▶ [Information supplied]

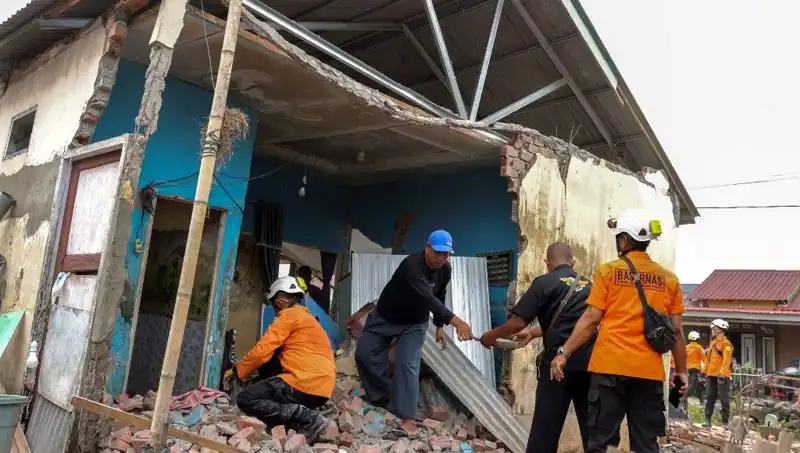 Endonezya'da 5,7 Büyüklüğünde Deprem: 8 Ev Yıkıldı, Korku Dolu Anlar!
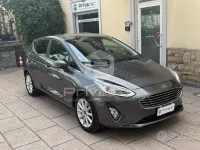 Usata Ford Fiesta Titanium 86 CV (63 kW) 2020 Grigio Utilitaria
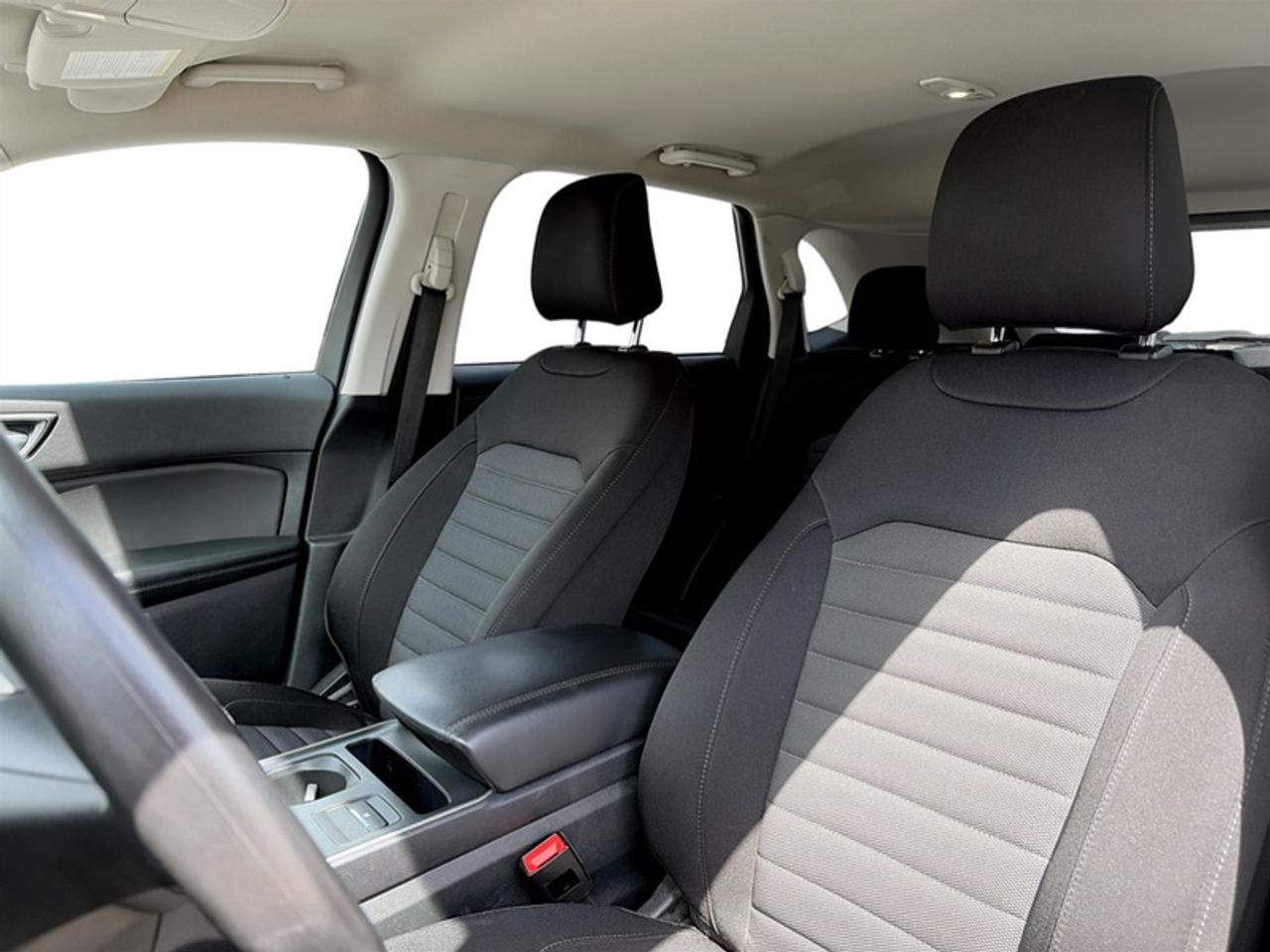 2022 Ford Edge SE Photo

▶ [What to work on] An unchanged copy of the data, images excluded, is all that should be given.

▶ [Answer for this exercise]
 Endonezya'da 5,7 Büyüklüğünde Deprem: 8 Ev Yıkıldı, Korku Dolu Anlar!
 Usata Ford Fiesta Titanium 86 CV (63 kW) 2020 Grigio Utilitaria
 2022 Ford Edge SE Photo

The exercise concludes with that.